The person who built our refrigerator cabinet box only left 1" for ventilation at the top of the refrigerator. Is this enough space for proper ventilation? There is a 1" gap on either side, and a 4" gap in the back (due to a narrow heating duct going up the wall behind it).

3 Answers 3


This entirely depends on the refrigerator and where the coils and fans are. Older refrigerators were cooled with fins on the back, and depended on convection (heat rising). The heat of the coils would draw air through the lower grille, up the back, and over the top. A modern unit might do all it's cooling with a fan pushing heat out at the front bottom plate.

Samsung's current models require 1" on top, half inch each side. See : http://www.samsung.com/us/support/faq/FAQ00021650/21818/Y/RB197ABPN/XAA

Keep in mind your cabinet is now built to fit just one size refrigerator: just hope that size is available in fifteen years when your current model is no longer repairable due to planned obsolescence. Front venting units are also somewhat less efficient, all other factors held constant.

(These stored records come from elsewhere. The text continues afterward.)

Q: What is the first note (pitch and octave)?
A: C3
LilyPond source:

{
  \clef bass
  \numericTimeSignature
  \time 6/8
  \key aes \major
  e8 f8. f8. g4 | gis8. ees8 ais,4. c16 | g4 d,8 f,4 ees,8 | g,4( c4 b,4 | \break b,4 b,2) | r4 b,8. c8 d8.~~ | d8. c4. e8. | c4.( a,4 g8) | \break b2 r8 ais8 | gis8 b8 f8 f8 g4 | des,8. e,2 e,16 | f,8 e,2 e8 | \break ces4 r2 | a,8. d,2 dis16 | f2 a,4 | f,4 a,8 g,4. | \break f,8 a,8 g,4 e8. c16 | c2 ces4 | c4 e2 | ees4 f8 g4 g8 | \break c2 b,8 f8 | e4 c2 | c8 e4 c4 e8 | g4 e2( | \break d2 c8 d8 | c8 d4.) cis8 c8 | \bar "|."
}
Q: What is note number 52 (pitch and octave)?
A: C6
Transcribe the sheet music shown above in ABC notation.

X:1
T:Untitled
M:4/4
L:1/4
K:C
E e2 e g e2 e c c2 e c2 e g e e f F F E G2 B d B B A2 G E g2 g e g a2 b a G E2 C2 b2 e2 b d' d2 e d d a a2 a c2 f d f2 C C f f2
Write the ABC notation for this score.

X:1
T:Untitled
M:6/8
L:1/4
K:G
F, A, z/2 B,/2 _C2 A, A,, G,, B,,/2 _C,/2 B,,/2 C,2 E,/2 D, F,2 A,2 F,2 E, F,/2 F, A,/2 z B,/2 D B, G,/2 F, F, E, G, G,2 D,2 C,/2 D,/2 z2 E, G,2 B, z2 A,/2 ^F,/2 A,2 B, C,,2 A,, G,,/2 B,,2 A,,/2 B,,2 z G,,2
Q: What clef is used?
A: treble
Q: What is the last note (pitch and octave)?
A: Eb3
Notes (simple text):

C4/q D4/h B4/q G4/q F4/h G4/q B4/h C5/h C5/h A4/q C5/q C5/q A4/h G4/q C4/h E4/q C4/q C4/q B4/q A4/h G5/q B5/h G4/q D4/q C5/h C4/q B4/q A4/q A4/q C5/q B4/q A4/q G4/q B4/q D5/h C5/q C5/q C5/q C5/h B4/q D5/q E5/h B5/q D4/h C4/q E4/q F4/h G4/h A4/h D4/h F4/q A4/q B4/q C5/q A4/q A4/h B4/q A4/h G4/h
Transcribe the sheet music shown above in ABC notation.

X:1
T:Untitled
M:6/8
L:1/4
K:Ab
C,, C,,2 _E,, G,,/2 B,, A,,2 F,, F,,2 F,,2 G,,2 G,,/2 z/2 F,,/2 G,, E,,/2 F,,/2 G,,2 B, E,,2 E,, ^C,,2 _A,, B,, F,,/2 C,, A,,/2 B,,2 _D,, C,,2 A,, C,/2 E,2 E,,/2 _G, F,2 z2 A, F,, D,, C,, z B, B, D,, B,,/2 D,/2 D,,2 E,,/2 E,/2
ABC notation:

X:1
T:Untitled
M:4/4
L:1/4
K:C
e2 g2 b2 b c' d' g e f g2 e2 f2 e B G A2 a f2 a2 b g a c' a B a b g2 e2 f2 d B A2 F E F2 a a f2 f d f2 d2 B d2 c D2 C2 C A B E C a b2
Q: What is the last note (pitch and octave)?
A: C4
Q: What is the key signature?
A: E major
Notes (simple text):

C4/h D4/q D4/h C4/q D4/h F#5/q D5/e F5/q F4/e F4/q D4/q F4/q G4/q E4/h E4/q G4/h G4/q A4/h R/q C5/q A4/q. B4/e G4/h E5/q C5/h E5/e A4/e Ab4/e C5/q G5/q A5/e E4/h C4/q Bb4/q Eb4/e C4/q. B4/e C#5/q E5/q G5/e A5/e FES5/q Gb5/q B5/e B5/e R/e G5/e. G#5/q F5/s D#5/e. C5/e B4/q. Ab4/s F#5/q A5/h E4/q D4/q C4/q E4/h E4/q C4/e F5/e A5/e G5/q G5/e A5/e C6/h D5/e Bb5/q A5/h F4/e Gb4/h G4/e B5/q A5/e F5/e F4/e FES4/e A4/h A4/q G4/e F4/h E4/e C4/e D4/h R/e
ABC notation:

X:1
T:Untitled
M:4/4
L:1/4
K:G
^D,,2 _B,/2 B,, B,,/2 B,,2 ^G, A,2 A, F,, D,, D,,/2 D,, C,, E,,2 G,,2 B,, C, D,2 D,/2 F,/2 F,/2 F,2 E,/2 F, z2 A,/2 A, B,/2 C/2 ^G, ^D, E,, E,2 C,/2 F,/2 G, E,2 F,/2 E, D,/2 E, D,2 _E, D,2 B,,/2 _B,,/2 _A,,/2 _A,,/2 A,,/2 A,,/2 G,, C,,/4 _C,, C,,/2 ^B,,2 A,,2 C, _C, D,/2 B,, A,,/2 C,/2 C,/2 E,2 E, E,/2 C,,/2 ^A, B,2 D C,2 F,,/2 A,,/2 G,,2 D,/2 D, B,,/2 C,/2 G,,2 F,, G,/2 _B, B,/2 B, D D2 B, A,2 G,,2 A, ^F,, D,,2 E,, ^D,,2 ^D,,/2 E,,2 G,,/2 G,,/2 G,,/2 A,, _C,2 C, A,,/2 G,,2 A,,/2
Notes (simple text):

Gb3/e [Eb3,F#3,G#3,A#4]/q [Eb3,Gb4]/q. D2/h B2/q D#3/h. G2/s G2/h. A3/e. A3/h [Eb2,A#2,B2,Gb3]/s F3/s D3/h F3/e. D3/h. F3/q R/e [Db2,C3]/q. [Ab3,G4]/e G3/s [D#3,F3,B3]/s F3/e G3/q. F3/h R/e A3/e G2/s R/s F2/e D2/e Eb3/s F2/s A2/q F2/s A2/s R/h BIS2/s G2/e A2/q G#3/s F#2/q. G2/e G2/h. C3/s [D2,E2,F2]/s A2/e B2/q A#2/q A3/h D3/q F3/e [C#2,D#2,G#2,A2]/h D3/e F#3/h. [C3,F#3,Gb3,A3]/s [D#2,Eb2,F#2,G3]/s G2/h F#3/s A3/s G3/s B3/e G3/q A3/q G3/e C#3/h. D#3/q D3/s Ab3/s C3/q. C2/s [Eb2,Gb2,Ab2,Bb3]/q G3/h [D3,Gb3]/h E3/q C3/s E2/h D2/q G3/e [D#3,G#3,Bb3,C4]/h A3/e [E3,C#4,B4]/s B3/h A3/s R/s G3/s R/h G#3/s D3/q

It's common to have the cabinet above the fridge a bit less deep than the others, to allow for airflow.

  • You are right, this may be a problem in the future when replacing with a new refrigerator...bummer. This is an older model, but I will definitely refer to the manufacture specs.
    – RET
    Mar 9, 2014 at 23:38

You need to consult the manufacturer instructions. That is the only place to get accurate info for things such as clearances, etc.

In my experience, if this is a typical residential refer, 1" on top is pretty small. The sides do not need any clearance at all. Some units need no clearance at all. I mean like Sub-Zero, etc.


The sides certainly do need some clearance especially considering some now have vents on the sides also. I would say minimum 1/2 inch to each side. Plus, freestanding fridges are hardly ever completely plumb. Take a level to the side of one and see for yourself. Due to the plastic material and the spray insulation used in the body the sides can be bowed out causing fit issues. Never allow your contractor/kitchen designer to give you a 36" wide opening for a 36" inch refrigerator (most of which are between 35.75 and 36"). The built-in look is nice, but you are asking for trouble and built-in Sub Zeros, etc. are not designed the same as freestanding refrigerators. Minimum 37" opening to allow for ease of installation, proper ventilation and increased options when your fridge dies, often prematurely. It will still look good because there will be an even dark gap from the shadow on either side.